What is Self-hosting? Simple 2024 Guide

Written by

Vippy The VPS
If you read this blog often, you've probably run into the term self-hosting before. And you might be wondering, What is self-hosting, after all? Let me explain self-hosting to you in simple terms.  

What is Self-hosting?

Self-hosting is when you host applications on your own server infrastructure, managing your own databases. This gives you full control over your data and the environment in which your applications operate, instead of relying on third-party services for hosting and data storage.

What is a Self-hosted Website?

A self-hosted website is a website that you host on your own server, with total control over your databases, web architecture, and design. With the main drawback being maintenance responsibilities.

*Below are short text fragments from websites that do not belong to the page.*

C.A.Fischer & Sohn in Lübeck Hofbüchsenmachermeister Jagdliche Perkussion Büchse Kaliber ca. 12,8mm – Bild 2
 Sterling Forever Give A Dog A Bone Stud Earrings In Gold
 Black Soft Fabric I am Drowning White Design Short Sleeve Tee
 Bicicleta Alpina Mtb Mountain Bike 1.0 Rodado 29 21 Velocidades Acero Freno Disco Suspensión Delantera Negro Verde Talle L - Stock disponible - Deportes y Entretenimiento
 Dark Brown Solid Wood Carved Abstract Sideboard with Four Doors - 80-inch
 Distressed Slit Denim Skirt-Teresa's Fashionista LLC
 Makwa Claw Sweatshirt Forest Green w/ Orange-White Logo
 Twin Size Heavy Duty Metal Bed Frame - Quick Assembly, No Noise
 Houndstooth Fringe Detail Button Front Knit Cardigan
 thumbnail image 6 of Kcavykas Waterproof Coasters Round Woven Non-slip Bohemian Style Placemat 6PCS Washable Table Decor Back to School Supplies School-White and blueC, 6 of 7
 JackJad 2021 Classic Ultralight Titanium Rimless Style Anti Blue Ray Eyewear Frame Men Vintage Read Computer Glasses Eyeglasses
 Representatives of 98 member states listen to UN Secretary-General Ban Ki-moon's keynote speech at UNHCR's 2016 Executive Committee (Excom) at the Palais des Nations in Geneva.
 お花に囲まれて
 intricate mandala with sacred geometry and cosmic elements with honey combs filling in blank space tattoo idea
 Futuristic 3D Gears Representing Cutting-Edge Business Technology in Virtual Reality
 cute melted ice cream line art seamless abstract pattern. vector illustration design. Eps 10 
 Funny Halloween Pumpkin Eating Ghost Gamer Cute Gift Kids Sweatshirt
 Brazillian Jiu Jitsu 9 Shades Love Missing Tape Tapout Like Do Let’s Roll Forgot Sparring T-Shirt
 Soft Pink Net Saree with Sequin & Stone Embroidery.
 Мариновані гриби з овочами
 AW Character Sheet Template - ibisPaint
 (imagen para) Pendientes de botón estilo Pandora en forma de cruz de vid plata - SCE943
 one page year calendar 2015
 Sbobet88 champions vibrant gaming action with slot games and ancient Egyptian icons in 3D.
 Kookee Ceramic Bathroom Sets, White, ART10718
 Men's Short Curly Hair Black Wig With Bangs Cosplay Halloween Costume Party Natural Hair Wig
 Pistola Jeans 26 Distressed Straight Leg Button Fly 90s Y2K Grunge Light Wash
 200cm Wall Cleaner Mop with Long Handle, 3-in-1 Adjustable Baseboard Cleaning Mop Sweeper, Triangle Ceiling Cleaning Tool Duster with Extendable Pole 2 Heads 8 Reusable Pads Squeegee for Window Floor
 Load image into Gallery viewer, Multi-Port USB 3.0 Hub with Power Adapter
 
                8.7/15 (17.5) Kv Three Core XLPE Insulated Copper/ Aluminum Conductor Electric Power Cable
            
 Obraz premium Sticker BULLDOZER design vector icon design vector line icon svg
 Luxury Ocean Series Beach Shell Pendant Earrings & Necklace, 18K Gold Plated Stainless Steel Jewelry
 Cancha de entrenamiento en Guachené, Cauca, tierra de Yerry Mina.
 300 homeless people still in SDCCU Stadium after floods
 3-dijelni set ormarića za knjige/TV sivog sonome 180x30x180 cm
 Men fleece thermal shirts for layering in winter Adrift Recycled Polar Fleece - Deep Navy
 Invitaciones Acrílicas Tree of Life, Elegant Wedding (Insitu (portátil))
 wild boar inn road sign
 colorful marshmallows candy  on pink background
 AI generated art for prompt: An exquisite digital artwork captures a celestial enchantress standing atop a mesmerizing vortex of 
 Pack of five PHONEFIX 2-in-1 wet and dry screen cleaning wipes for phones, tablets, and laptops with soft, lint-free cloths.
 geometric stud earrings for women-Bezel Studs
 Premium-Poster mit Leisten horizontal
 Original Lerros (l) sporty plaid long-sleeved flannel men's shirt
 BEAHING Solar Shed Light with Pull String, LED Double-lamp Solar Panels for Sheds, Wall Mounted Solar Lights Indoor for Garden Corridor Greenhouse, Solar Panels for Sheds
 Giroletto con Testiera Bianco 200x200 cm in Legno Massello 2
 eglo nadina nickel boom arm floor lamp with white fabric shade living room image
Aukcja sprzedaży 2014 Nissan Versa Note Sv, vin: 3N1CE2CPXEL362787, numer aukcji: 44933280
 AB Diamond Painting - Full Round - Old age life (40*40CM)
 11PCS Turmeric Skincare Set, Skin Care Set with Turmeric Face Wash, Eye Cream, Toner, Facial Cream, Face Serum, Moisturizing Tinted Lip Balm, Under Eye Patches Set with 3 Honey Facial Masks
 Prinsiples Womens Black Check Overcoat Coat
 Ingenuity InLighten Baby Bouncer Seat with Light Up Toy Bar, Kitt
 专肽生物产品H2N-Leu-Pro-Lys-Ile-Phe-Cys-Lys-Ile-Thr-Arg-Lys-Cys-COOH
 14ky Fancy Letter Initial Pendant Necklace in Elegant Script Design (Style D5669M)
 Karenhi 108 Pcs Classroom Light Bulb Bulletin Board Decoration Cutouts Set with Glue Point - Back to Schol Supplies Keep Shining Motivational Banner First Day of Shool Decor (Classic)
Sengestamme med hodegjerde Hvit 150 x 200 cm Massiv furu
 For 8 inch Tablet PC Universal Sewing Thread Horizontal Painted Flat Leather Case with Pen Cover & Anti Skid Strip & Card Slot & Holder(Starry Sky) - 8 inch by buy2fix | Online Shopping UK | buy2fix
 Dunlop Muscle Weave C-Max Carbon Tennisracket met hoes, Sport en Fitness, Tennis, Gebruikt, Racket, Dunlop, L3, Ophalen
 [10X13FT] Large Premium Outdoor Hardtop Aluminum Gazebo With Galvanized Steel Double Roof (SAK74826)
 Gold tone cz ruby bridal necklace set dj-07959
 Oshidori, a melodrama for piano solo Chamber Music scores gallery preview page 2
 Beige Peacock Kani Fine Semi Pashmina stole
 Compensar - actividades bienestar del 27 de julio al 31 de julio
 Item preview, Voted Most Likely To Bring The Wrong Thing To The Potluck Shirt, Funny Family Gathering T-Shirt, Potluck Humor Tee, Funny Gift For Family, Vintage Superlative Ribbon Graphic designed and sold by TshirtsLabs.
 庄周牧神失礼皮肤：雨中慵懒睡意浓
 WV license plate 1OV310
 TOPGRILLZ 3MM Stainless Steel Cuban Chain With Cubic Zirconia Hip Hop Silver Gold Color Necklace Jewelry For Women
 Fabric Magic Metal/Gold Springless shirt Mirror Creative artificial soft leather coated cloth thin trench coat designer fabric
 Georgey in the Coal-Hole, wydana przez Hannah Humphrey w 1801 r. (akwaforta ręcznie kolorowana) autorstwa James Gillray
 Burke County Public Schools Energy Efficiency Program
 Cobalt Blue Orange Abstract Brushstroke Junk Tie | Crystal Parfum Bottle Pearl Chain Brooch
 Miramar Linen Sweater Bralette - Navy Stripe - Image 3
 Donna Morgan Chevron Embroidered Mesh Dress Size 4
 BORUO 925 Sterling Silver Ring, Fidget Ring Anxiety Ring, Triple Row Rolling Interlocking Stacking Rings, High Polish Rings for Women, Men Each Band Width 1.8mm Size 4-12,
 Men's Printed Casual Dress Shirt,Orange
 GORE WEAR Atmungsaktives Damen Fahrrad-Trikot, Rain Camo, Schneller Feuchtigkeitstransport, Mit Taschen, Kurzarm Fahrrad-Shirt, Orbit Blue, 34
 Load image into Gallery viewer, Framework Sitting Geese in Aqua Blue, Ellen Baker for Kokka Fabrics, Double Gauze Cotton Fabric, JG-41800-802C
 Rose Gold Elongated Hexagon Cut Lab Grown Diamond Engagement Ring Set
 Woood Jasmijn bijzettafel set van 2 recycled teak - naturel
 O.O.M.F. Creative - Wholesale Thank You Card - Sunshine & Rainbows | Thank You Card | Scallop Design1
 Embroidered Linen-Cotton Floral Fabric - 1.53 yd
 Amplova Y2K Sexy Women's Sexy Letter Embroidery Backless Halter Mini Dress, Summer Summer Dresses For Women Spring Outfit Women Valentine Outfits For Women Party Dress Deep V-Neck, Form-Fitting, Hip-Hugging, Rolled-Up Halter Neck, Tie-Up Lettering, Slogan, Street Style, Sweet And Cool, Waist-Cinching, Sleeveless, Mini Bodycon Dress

What is a Self-hosted Application?

A self-hosted application is similar to a self-hosted website. It refers to an application hosted on your own server infrastructure, where you manage databases and customize the user experience.

Self-hosting Overview

Do you have an email account you log into every day? A to-do app? Maybe you have a folder in the cloud where you store and synchronize your files? You probably have a dozen of such services you use regularly. Web applications (web apps), particularly in the software as a service (SaaS) model, are so standard we barely even think about them anymore. They’re just part of our daily lives. For reasons we’ll get into in a minute, some people are choosing to take control of their web experiences, and the data they give them, through self-hosting. You might be asking: “Is self-hosting complicated? Is it hard? Why does it sound like being the only person who shows up for your own birthday party?” Don’t worry — we’ll answer your questions in a minute. When it comes to friends, you’re on your own. [cta_inline]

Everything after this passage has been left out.